Top 10: Cars most vulnerable to keyless theft
The number of stolen cars in the first quarter of 2019 hit its highest level since 2012 - with criminals exploiting a vulnerability in keyless entry and start systems to steal vehicles.
So-called relay thefts happen when one thief stands close to a vehicle holding a special device that can be bought online. A second criminal stands close to the door of the owner's house, holding a second relay device. This picks up a signal from the car's key at the other side of the door, relaying it to the second device and fooling the car into thinking its key is within close proximity, allowing the criminals to get in it and drive away without the key fob.
Independent security experts Thatcham Research has named and shamed the 10 cars that are most at risk from keyless theft.
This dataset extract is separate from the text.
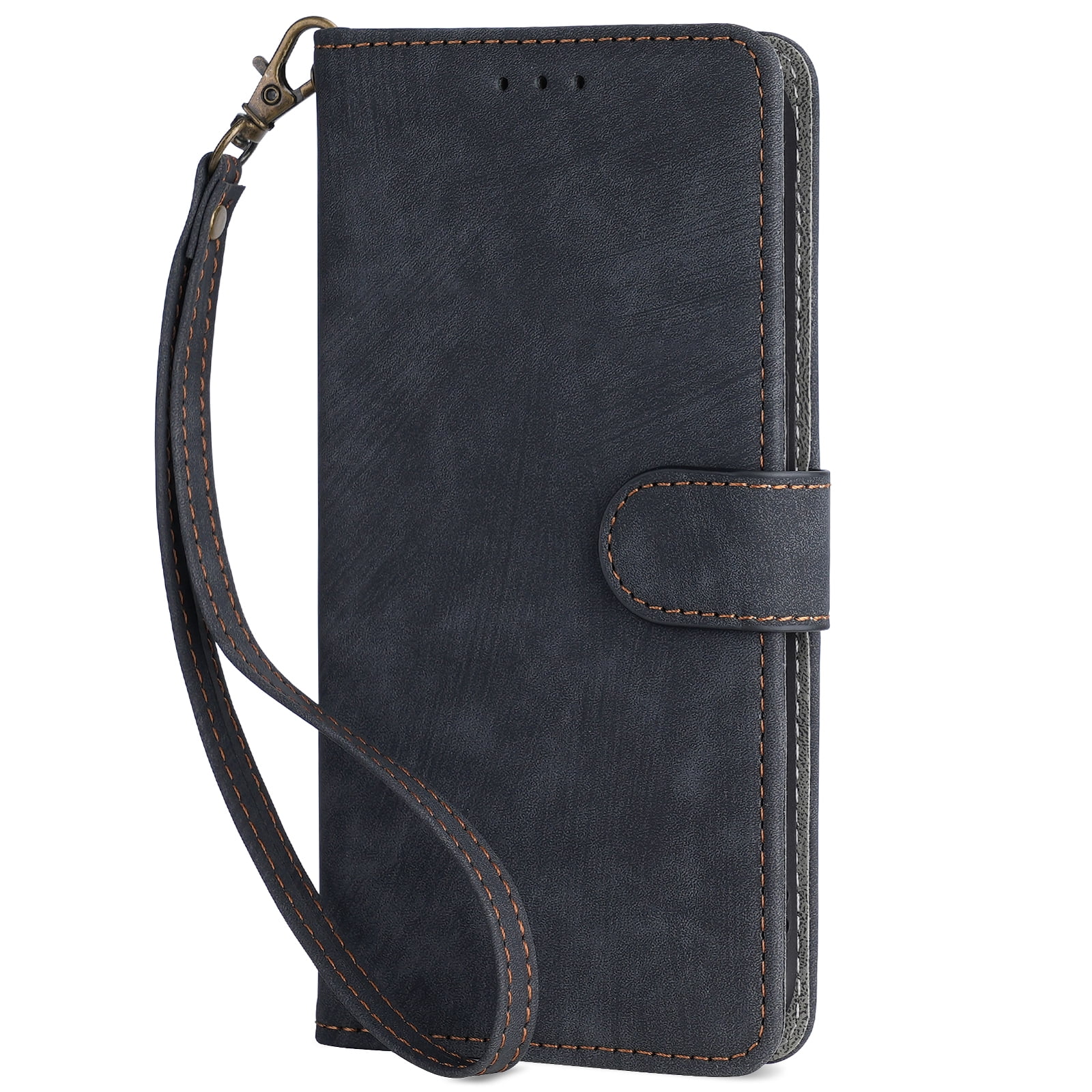 Dteck Wallet Case for iPhone 8 Plus / iPhone 7 Plus with RFID Blocking Credit Card Slots, PU Leather Folio Flip Cover with Wrist Strap,Black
These ratings are based on a series of security tests encompassing physical and digital security.
The Kia ProCeed is a a sleek and desirable shooting brake, with the brand's Smart Entry System standard across the range.
When the Kia ProCeed was award a poor security rating, a spokesperson said: “Thatcham has not communicated with us on this testing procedure and has not outlined how this rating was achieved.”
Toyota Corolla Hybrid
The Toyota Corolla is a hybrid alternative to the Ford Focus. We rate it highly, but Thatcham has warned that it's easily stolen using a relay device.
Fortunately keyless entry is easily avoided on the Corolla - only Excel models get the firm's Smart Entry system.
The new Mazda 3 is a really good alternative to the Ford Focus, Honda Civic and Volkswagen Golf. It was named the most popular Family Car at the 2019 Honest John Awards.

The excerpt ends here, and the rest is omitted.